The task -
The expected result is an exact copy of the lines from the one holding "Xint Blue Regular Fit Top" to the last line of the material, with pictures removed and nothing added.

Data provided -
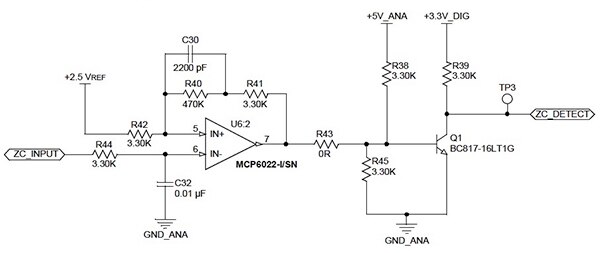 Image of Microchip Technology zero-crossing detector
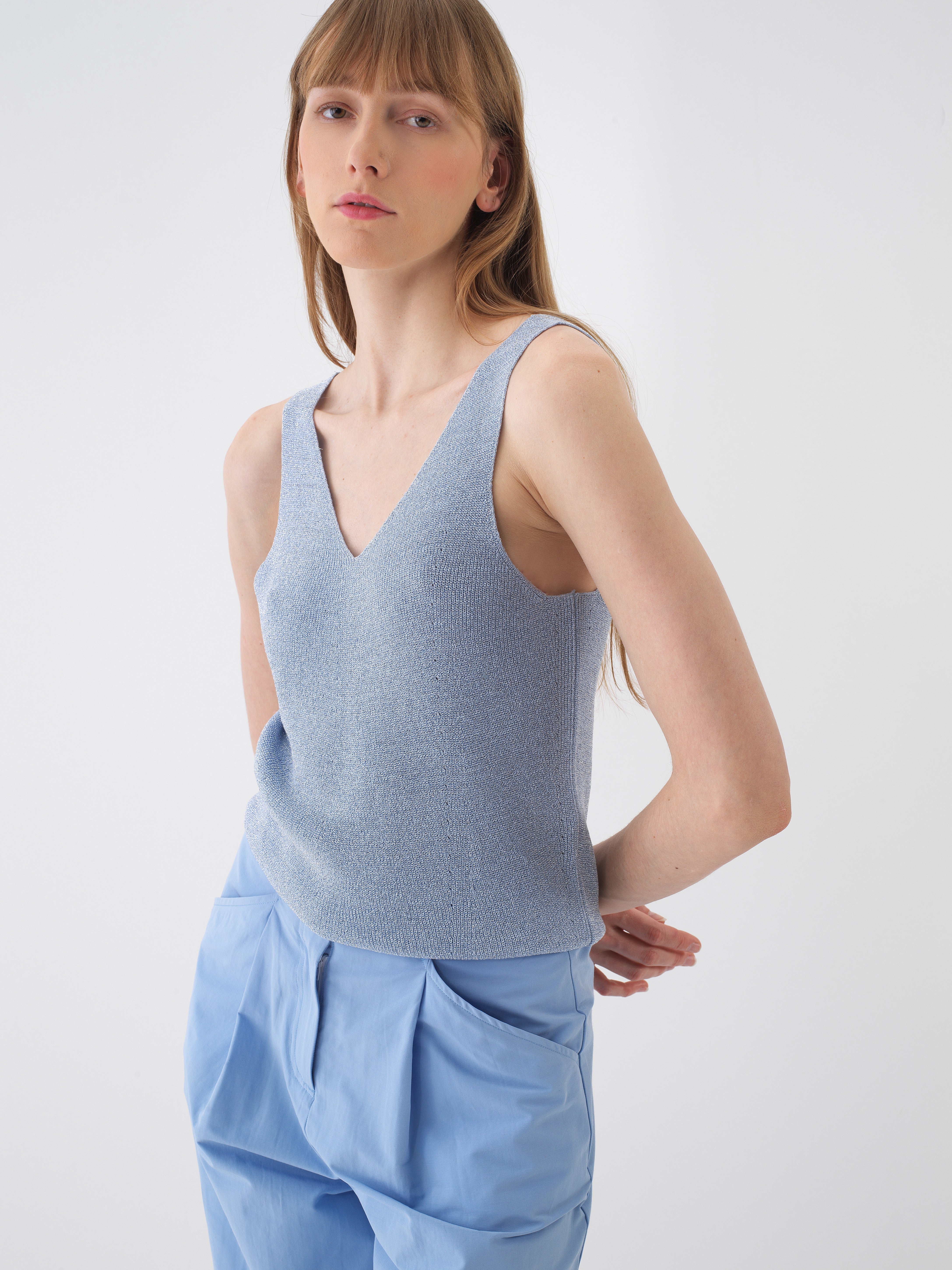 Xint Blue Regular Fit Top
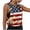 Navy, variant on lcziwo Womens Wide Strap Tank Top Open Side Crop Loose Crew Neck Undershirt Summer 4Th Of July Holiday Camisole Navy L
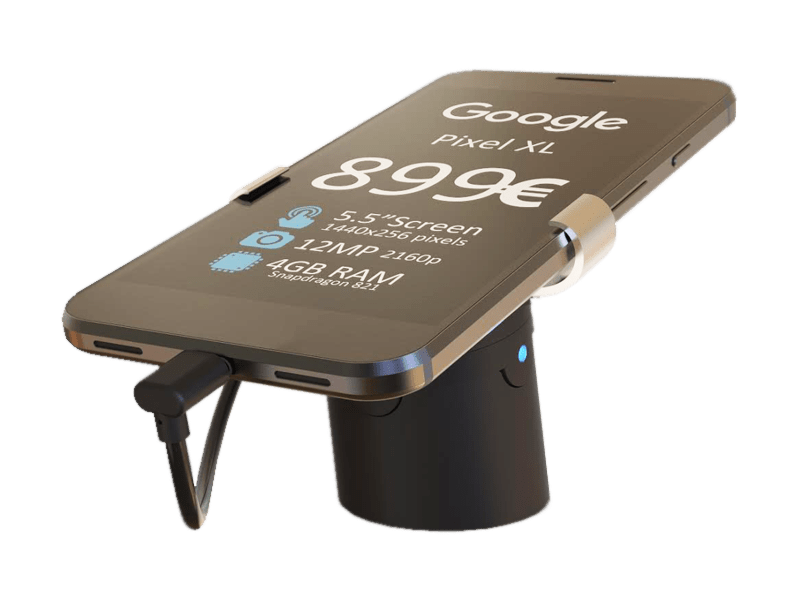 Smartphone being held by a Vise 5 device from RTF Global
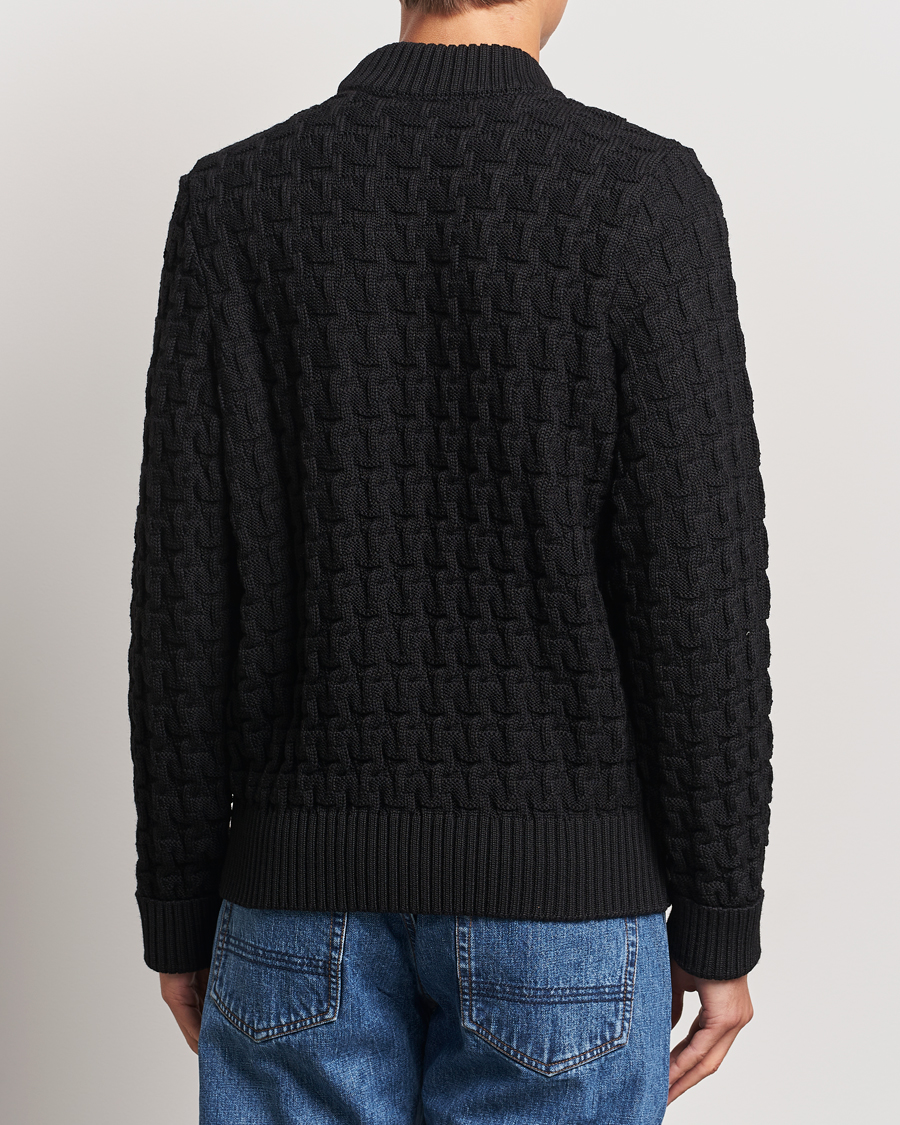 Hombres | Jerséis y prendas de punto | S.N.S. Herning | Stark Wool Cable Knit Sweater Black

Task answer -
 Xint Blue Regular Fit Top
 Navy, variant on lcziwo Womens Wide Strap Tank Top Open Side Crop Loose Crew Neck Undershirt Summer 4Th Of July Holiday Camisole Navy L
 Smartphone being held by a Vise 5 device from RTF Global
 Hombres | Jerséis y prendas de punto | S.N.S. Herning | Stark Wool Cable Knit Sweater Black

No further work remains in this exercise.